## Data provided:
══════════

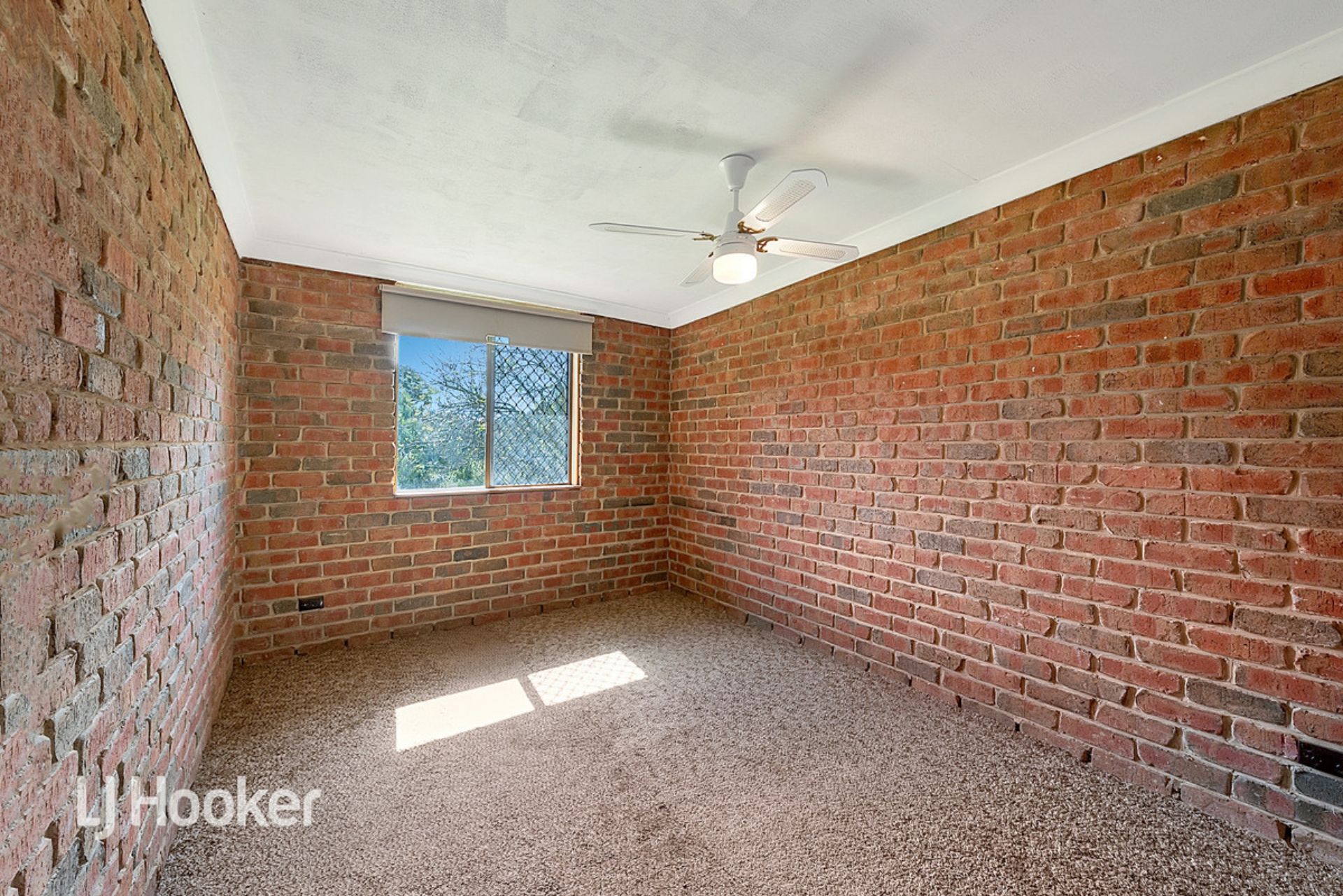 153 Seaview Road, GOLDEN GROVE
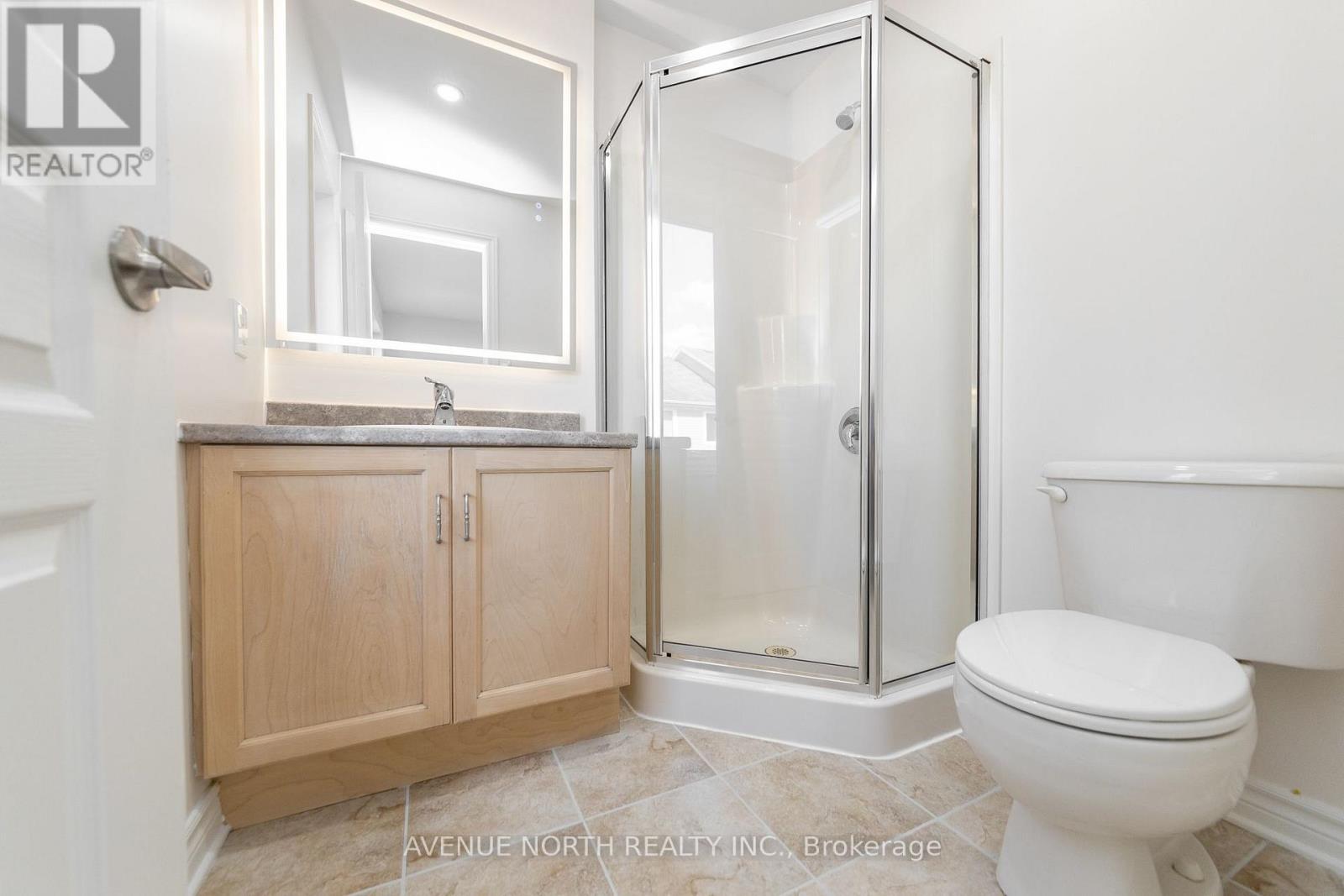 205 Hidden Meadow Avenue, Ottawa, Ontario  K1T 0C2 - Photo 24 - X13713174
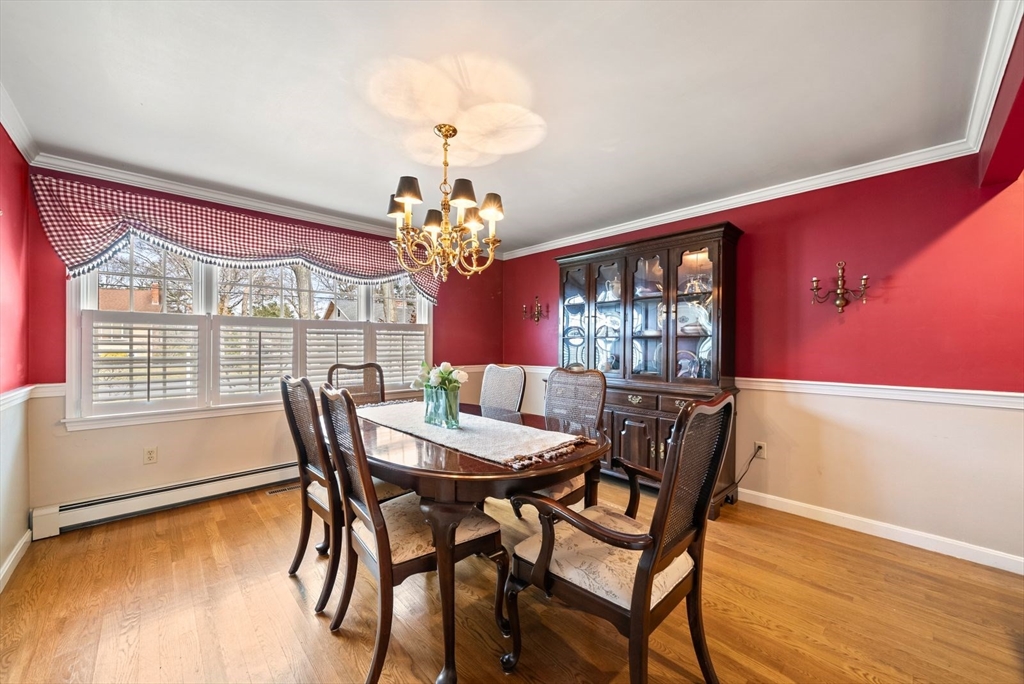 158 Strasser Avenue Westwood, MA 02090 - Photo 11 of 41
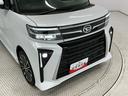 走行無制限１年保証　両側電動スライドドア　前後コーナーセンサー　前席シートヒーター　オートハイビーム　ＬＥＤヘッドライト　プッシュスタート　オートブレーキホールド　１５インチ純正アルミホイール（兵庫県）の中古車
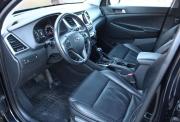 Hyundai Tucson III Нижний Новгород  - изображение 37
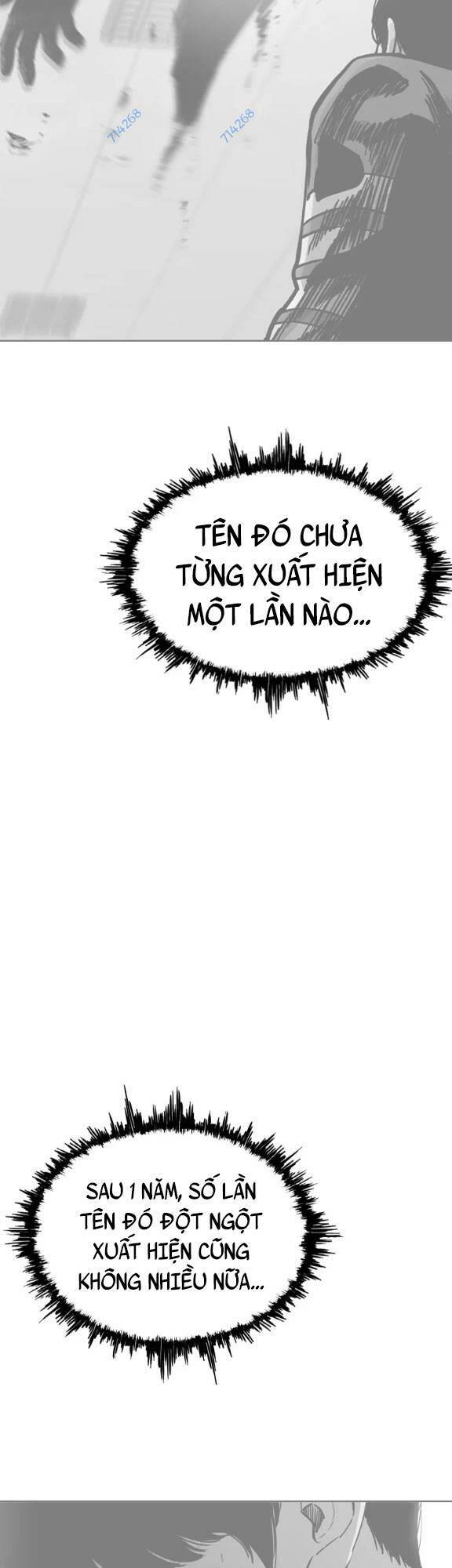Chương 18 - Trang 99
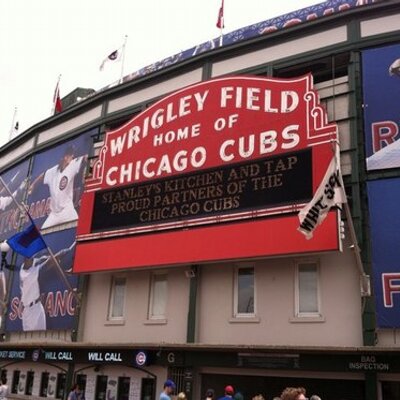 Profile Picture of Steve Atchley (@satchley16) on Twitter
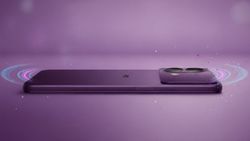 HMD Pulse 2 Pro Surfaces Online with iPhone 17-Inspired Camera Design - Check Expected Features and Launch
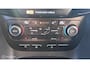 Ford Transit Connect 1.5 EcoBlue L2 Sport/AUTOMAAT/CLIMATECONTROL/NAVIGATIE/CAMERA/LED/ENZ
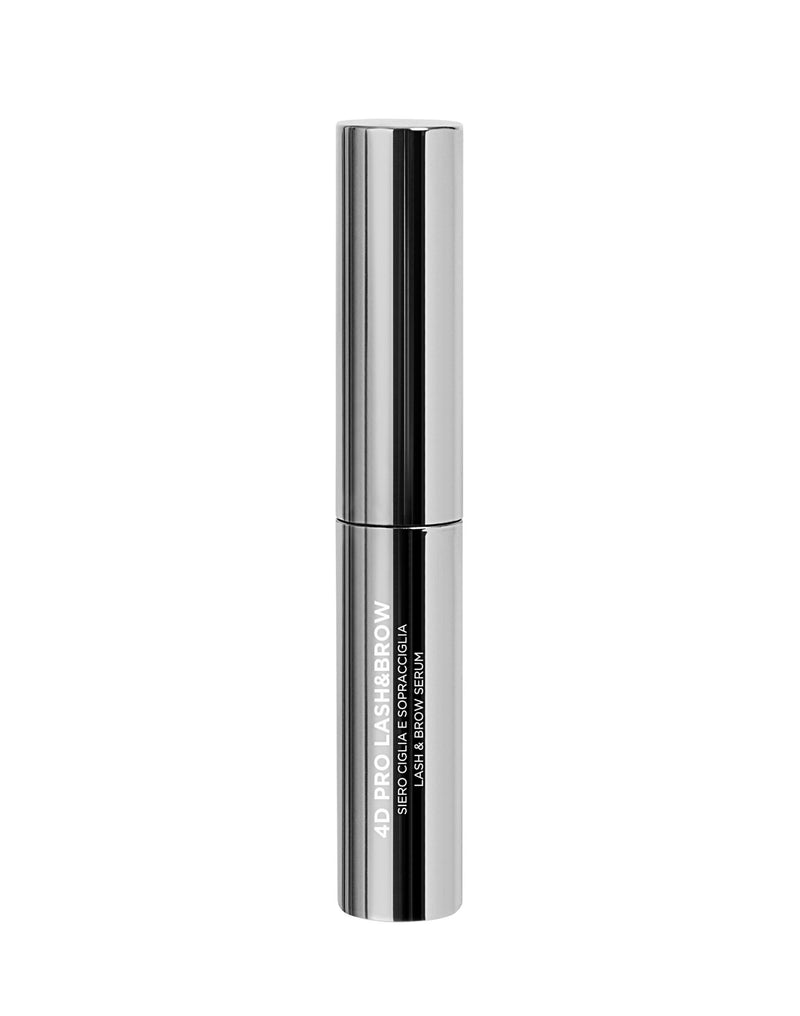 Rvb Lab 4D Pro Lash & Brow Serum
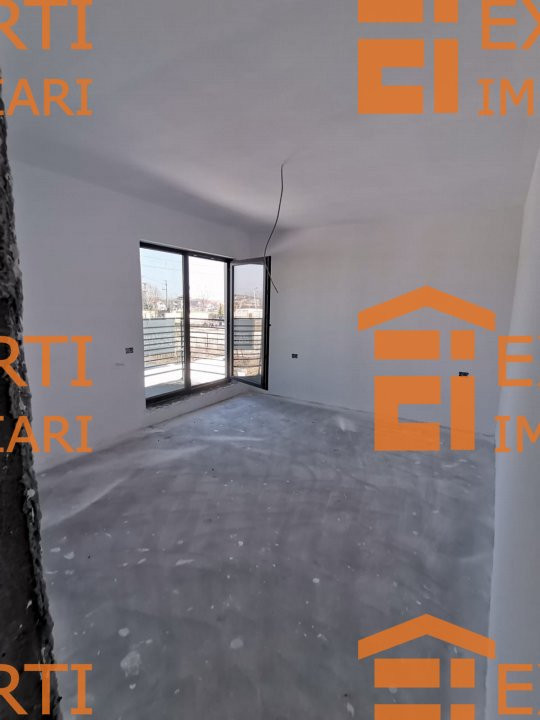 vila P+1, situata in MANGALIA - PENNY MARKET, 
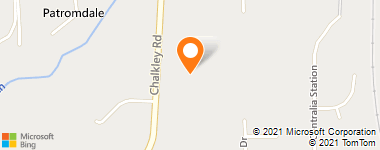 Insurance Company Near Me - Pillow Stewart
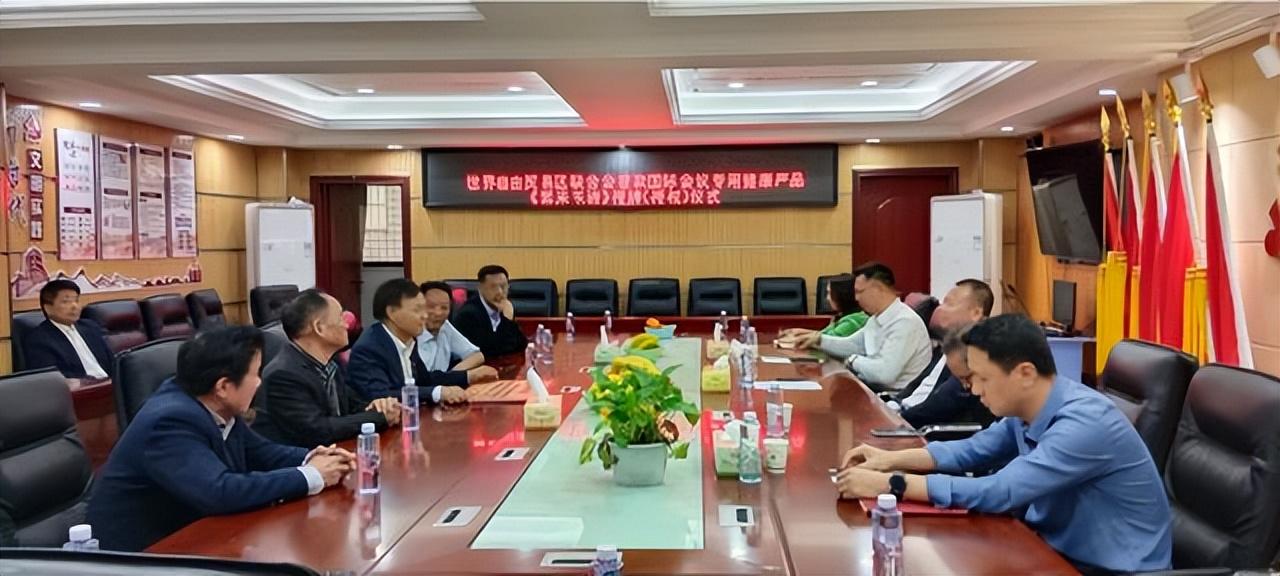 新邵城市角落的温馨日常最新报道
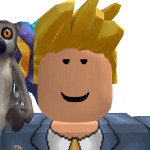 @hi_NathanaelImMutton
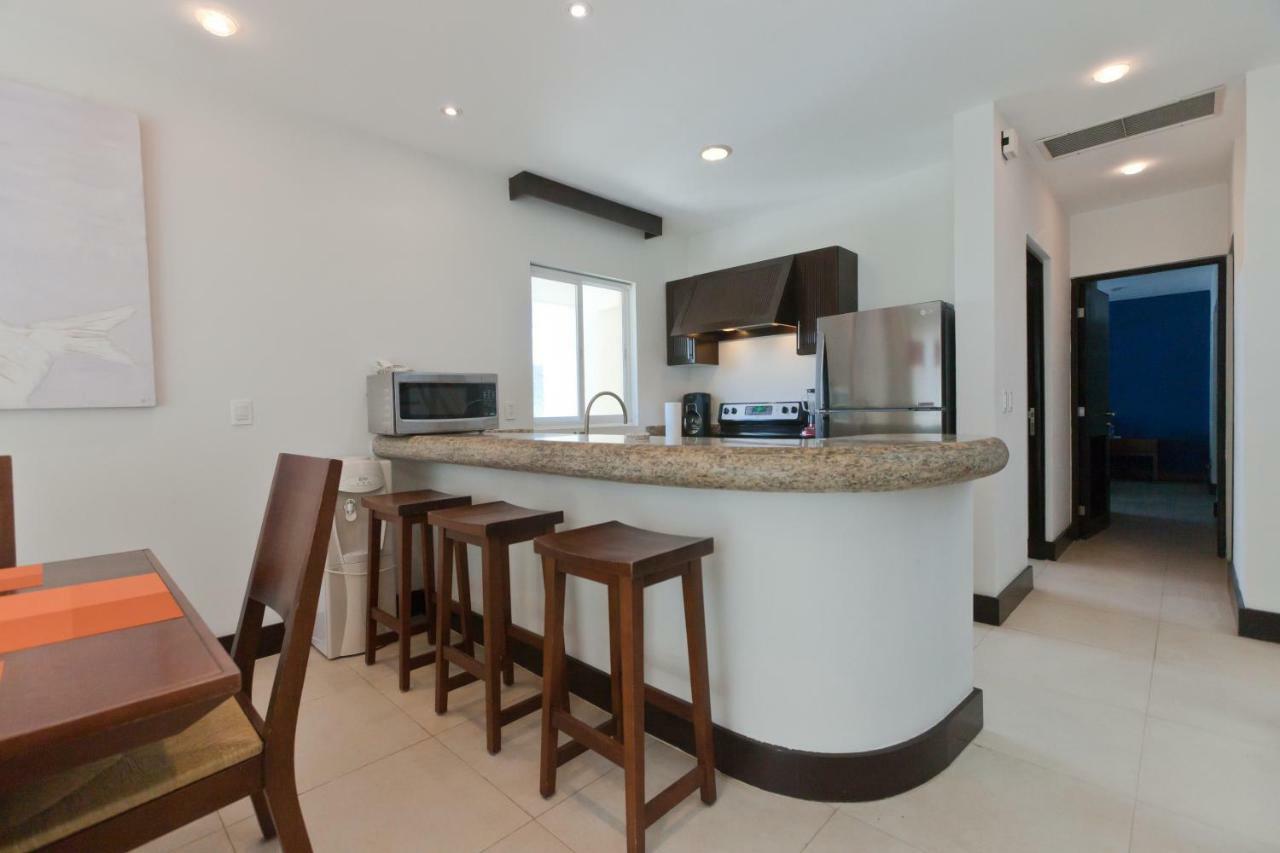 Căn hộ Pueblito Escondido By Hola And Land *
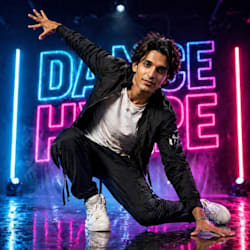 dancefrenzyteam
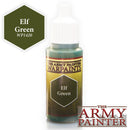 Army Painter Colors Miniatures - Paints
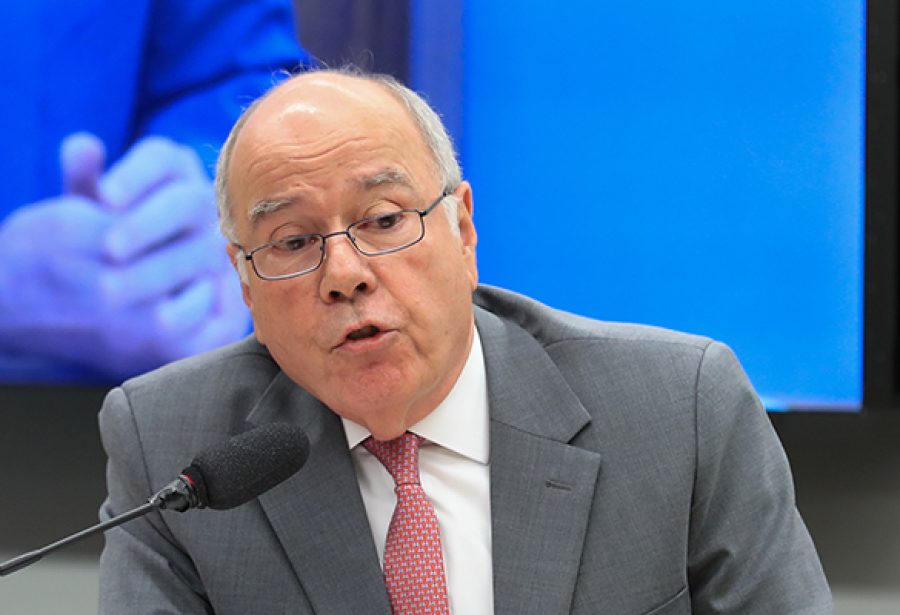 Itamaraty visitará brasileiros da flotilha detidos em Israel; ao menos 12 foram presos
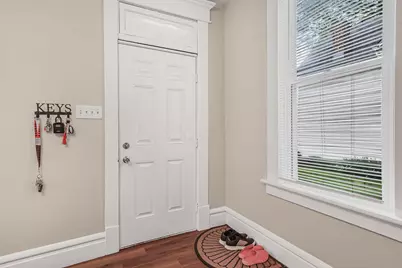 200 S Cypress Avenue, Columbus, OH 43223 - Photo 7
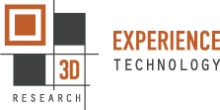Creative Web Project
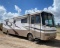 2004 HOLIDAY RAMBLER ENDEAVOR CLASS A MOTOR HOME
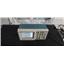 Tektronix TDS 3012B 2 Ch DPO/ No 3FFT/3TRG Module- Broken Handle Bar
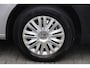 Volkswagen Caddy Bestel 1.6 TDI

══════════

Write the records out again in full, exactly, and skip every picture.

 153 Seaview Road, GOLDEN GROVE
 205 Hidden Meadow Avenue, Ottawa, Ontario  K1T 0C2 - Photo 24 - X13713174
 158 Strasser Avenue Westwood, MA 02090 - Photo 11 of 41
 走行無制限１年保証　両側電動スライドドア　前後コーナーセンサー　前席シートヒーター　オートハイビーム　ＬＥＤヘッドライト　プッシュスタート　オートブレーキホールド　１５インチ純正アルミホイール（兵庫県）の中古車
 Hyundai Tucson III Нижний Новгород  - изображение 37
Chương 18 - Trang 99
 Profile Picture of Steve Atchley (@satchley16) on Twitter
 HMD Pulse 2 Pro Surfaces Online with iPhone 17-Inspired Camera Design - Check Expected Features and Launch
 Ford Transit Connect 1.5 EcoBlue L2 Sport/AUTOMAAT/CLIMATECONTROL/NAVIGATIE/CAMERA/LED/ENZ
 Rvb Lab 4D Pro Lash & Brow Serum
 vila P+1, situata in MANGALIA - PENNY MARKET, 
 Insurance Company Near Me - Pillow Stewart
 新邵城市角落的温馨日常最新报道
 @hi_NathanaelImMutton
 Căn hộ Pueblito Escondido By Hola And Land *
 dancefrenzyteam
 Army Painter Colors Miniatures - Paints
 Itamaraty visitará brasileiros da flotilha detidos em Israel; ao menos 12 foram presos
 200 S Cypress Avenue, Columbus, OH 43223 - Photo 7
Creative Web Project
 2004 HOLIDAY RAMBLER ENDEAVOR CLASS A MOTOR HOME
 Tektronix TDS 3012B 2 Ch DPO/ No 3FFT/3TRG Module- Broken Handle Bar
 Volkswagen Caddy Bestel 1.6 TDI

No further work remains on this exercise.